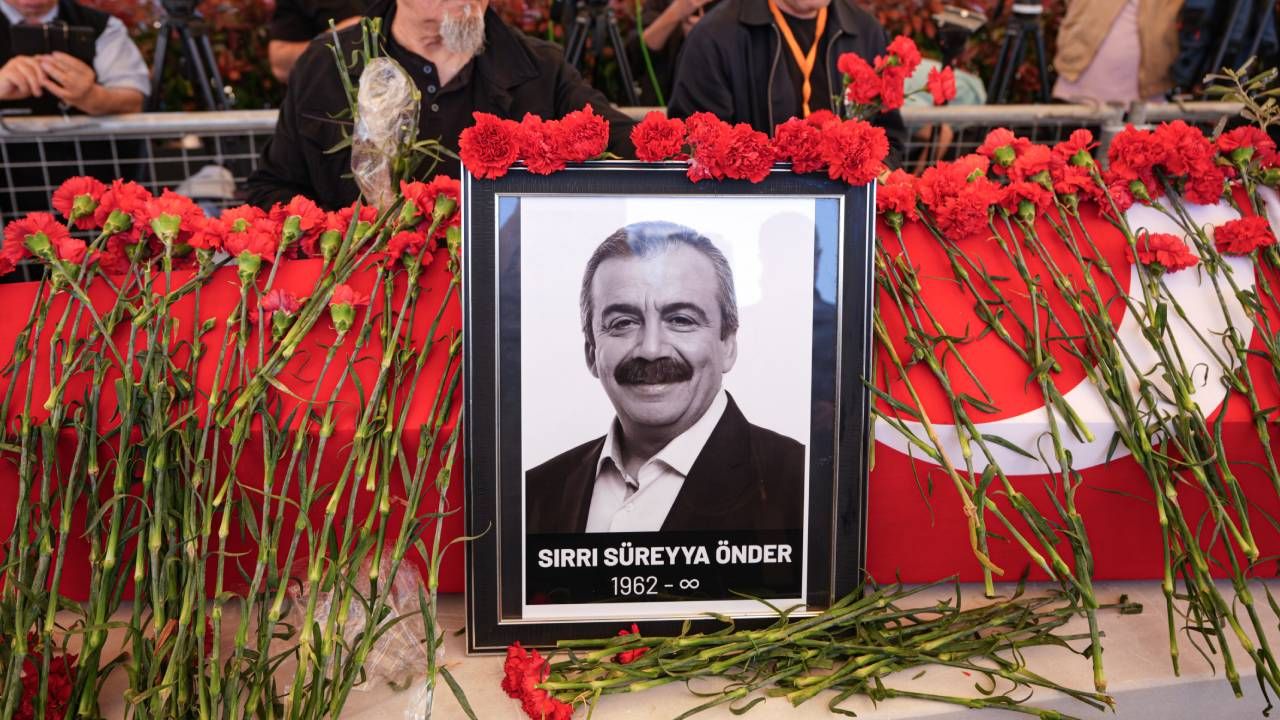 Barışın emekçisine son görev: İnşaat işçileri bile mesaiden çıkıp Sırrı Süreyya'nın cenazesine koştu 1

--------------------------------------------------

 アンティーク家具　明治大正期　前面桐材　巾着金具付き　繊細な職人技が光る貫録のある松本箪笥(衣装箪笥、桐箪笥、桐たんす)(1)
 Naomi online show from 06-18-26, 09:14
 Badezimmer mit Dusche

--------------------------------------------------

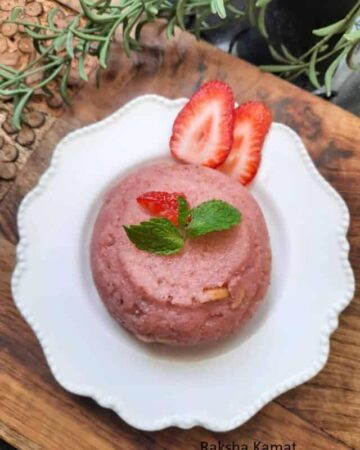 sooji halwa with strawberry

--------------------------------------------------

■ PROBLEM REQUIREMENTS ■
Above are the entries. Output exactly the lines beginning with the line that has "アンティーク家具　明治大正期" and ending with the line that has "Badezimmer mit Dusche".

■ SOLUTION FOR THIS TASK ■
 アンティーク家具　明治大正期　前面桐材　巾着金具付き　繊細な職人技が光る貫録のある松本箪笥(衣装箪笥、桐箪笥、桐たんす)(1)
 Naomi online show from 06-18-26, 09:14
 Badezimmer mit Dusche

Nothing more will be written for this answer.